» **Aim of the task**
Everything in the data below is left aside except the lines from the one containing "Sasti OLED Android" through the one containing "2023新書推薦：穆夏擁抱繁花（禮盒典藏紀念版）"; repeat those exactly.

» **Data for review**
<<<<
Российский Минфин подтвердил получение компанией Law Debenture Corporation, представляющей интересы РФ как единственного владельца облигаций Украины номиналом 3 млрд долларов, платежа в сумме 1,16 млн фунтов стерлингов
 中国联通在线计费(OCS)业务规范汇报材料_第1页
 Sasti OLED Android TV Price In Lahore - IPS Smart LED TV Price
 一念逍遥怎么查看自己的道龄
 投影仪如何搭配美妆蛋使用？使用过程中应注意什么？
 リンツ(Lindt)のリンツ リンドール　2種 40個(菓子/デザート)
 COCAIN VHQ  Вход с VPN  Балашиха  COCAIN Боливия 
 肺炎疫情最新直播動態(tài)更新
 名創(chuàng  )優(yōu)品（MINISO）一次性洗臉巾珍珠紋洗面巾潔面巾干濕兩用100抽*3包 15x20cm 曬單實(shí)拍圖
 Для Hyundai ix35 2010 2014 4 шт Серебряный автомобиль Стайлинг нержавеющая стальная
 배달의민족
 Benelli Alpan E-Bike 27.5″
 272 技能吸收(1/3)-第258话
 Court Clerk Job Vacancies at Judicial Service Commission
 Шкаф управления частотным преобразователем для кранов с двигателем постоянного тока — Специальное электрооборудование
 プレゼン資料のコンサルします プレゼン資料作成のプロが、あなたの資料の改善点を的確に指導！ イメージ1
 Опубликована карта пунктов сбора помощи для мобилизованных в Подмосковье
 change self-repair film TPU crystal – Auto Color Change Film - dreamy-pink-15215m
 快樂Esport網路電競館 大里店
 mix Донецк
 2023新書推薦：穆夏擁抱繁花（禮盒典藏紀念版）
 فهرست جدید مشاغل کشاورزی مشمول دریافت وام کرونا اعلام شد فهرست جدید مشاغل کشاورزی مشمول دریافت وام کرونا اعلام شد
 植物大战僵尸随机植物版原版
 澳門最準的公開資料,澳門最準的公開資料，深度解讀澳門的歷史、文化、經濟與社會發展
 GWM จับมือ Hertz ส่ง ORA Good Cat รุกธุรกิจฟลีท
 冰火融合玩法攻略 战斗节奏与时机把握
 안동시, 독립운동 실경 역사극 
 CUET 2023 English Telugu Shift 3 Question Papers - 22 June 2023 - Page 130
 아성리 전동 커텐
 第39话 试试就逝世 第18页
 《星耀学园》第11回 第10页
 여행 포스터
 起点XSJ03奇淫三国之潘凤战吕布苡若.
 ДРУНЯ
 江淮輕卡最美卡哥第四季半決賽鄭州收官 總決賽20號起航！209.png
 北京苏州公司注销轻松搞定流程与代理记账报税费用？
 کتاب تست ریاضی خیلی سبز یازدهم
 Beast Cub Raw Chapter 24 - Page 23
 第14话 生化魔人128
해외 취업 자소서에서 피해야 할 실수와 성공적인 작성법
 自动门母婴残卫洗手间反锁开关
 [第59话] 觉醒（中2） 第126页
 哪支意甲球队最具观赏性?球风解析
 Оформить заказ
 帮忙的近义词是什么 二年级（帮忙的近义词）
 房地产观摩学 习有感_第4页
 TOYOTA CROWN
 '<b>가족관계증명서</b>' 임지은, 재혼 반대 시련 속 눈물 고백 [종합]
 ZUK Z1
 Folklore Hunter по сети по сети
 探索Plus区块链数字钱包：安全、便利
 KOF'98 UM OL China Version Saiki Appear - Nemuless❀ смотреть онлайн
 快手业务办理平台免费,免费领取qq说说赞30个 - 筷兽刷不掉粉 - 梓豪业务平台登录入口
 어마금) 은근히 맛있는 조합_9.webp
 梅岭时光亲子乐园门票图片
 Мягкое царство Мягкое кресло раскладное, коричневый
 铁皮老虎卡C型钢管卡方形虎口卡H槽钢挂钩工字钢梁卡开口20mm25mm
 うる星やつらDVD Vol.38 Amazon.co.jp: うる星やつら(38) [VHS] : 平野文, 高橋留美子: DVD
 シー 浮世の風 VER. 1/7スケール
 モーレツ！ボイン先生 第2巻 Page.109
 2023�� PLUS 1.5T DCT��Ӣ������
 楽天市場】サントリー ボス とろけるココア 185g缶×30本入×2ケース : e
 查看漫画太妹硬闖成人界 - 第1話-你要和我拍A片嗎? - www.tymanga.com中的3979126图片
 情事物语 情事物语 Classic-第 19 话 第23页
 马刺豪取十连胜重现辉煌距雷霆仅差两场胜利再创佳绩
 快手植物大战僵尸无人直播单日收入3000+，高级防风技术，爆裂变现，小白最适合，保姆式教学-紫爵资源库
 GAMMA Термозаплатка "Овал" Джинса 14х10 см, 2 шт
>>>>
» **Answer section**
 Sasti OLED Android TV Price In Lahore - IPS Smart LED TV Price
 一念逍遥怎么查看自己的道龄
 投影仪如何搭配美妆蛋使用？使用过程中应注意什么？
 リンツ(Lindt)のリンツ リンドール　2種 40個(菓子/デザート)
 COCAIN VHQ  Вход с VPN  Балашиха  COCAIN Боливия 
 肺炎疫情最新直播動態(tài)更新
 名創(chuàng  )優(yōu)品（MINISO）一次性洗臉巾珍珠紋洗面巾潔面巾干濕兩用100抽*3包 15x20cm 曬單實(shí)拍圖
 Для Hyundai ix35 2010 2014 4 шт Серебряный автомобиль Стайлинг нержавеющая стальная
 배달의민족
 Benelli Alpan E-Bike 27.5″
 272 技能吸收(1/3)-第258话
 Court Clerk Job Vacancies at Judicial Service Commission
 Шкаф управления частотным преобразователем для кранов с двигателем постоянного тока — Специальное электрооборудование
 プレゼン資料のコンサルします プレゼン資料作成のプロが、あなたの資料の改善点を的確に指導！ イメージ1
 Опубликована карта пунктов сбора помощи для мобилизованных в Подмосковье
 change self-repair film TPU crystal – Auto Color Change Film - dreamy-pink-15215m
 快樂Esport網路電競館 大里店
 mix Донецк
 2023新書推薦：穆夏擁抱繁花（禮盒典藏紀念版）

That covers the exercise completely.